If Connie was surprised, her parents were floored. Ya, it was a blow to the ego, but apparently even her Mom thought it was weird that this dude wanted to marry her.

So Joey and her started planning, keeping it small, potluck, taking the money that her parents gave them to put the down payment on a small house. They spent the months up the the wedding in renovations, living in drywall dust, and no kitchen, and it was great because this was it, and they were in love, and when they got back from the honeymoon, a single night at a non-budget hotel, they were gonna have a house that was done. She planted flowers in the front garden, her, who was well known in her hatred of gardening, because there was something about a home to begged for a little bit of flowers. Before she knew it, it was her wedding day.

The dress was her mother’s, tailored to fit, and free to boot. It was only their immediate family at the justice of the peace, the rest of the gang would show for the reception later at the hall. Connie stood there with her parents, and his, and his sisters and waited. And waited, and then everyone started calling him, and it was okay, because despite the looks on her parent’s faces, the lingering doubts, she knew he loved her, and he wouldn’t just not show up.

They were shuffled aside and she watched as six other couples get married while they waited. Finally his sister said she was going to go looking for him. She would keep her phone on, and they were call her to come back when he showed.

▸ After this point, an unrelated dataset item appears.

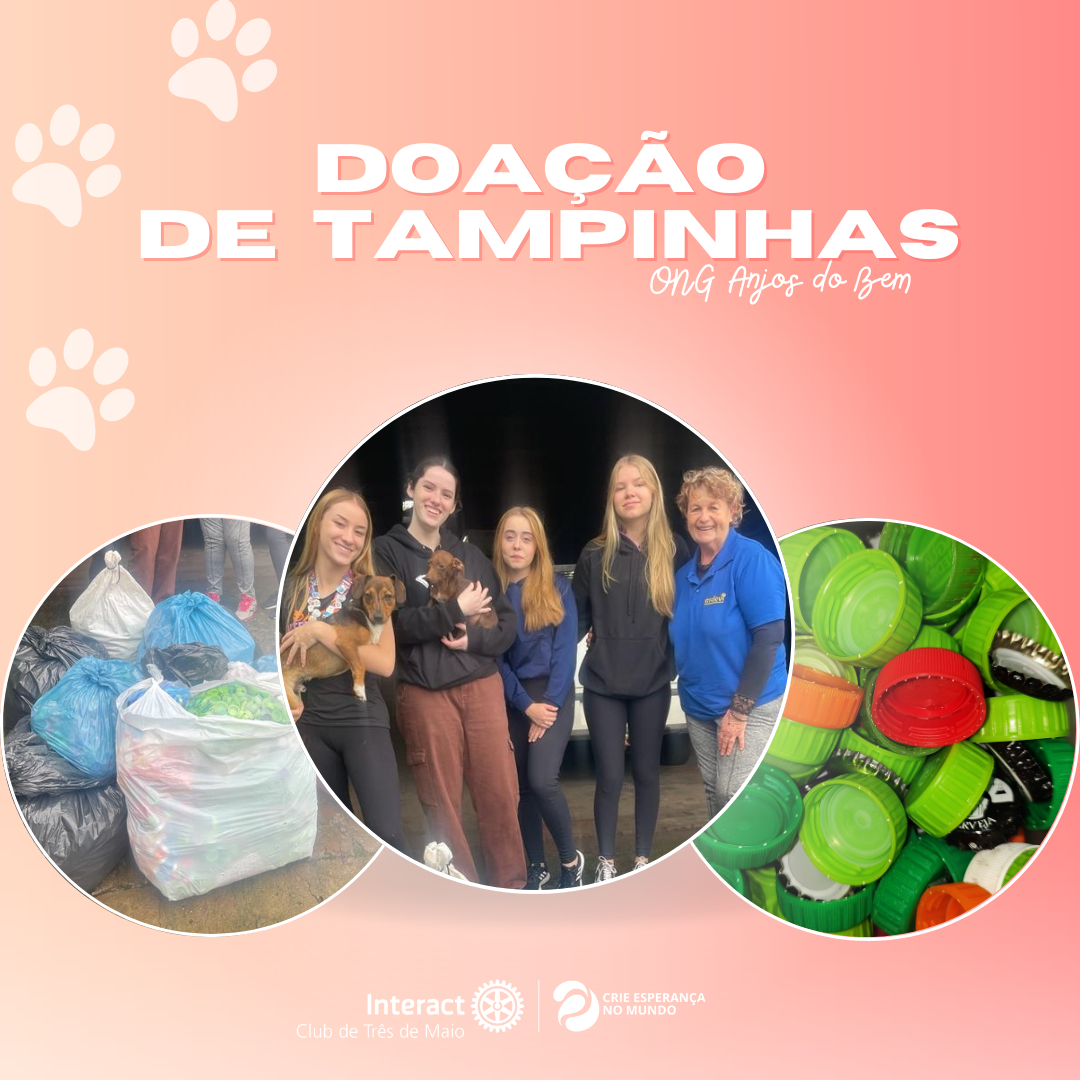 Na terça-feira (11/07) o Interact Club de Três de Maio realizou a entrega de tampinhas para a ONG Anjos do Bem, as quais foram arrecadadas durante o projeto Distrital de Meio Ambiente da gestão passada, 22/23. Na ocasião foram entregues 78kg de tampinhas arrecadadas pelo Clube de Três de Maio + 10kg arrecadados pelo @ic_independencia, obrigada pela parceria!  #interactbrasil #interact4660 #ictmcriandoesperança  #paratodosverem O fundo da postagem possui fundo degradê em tons de rosa. A escrita "Doação de tampinhas" está no centro superior na cor branca, e abaixo está o nome da ong beneficiada "ONG Anjos do Bem". No centro estão fotos do momento da entrega, e o logo Interact TM juntamente com o lema dessa gestão estão no centro inferior, na cor branca.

Connie loved that she had said when, she understood.

When Connie saw his number on her phone, she rushed to answer it, and her heart fell when it was his sister, so much so that she didn’t register the tone until a few seconds had passed.

“Connie.” Her voice was hoarse, and wet and Connie felt dizzy hearing it.

“No.” Connie said, and her parents rushed to her side, sure she was being jilted.

“Connie, I. I’m so sorry. Con, he, he’s” His sister broke into sobs and she knew.

“Dead.” She finished and his parents and hers froze.

“They are sending someone. Con, he’s still in bed, he’s cold, I think, I think he died in his sleep.” Sh nodded numbly, and looked at her parents. “We need a cab to Joey’s” and She handed the phone to his parents, and a few moments later his mother began to wail.

It was supposed to be the happiest day of her life. It had been, and all she could think is that he never got that, never woke up to see this day.

She stood at the funeral, not quite a widow, and then she went back to their perfect house and sobbed. She couldn’t sleep in it, not even a single night. She sold it, against the advice of those around me to wait six months before making a big decision, and bought something smaller.

Two bedrooms instead of 4, no basement, no big backyard for the kids. Her Mom said she was making a mistake, she would regret it one day, but she wouldn’t. Joey was a fluke, one in a million, and she knew that as long as she lived she wouldn’t find anyone else like him.

Her writing improved with the pain, the tortured artist cliché was now her life, and she lived alone in that house, with her writing until she was with him again.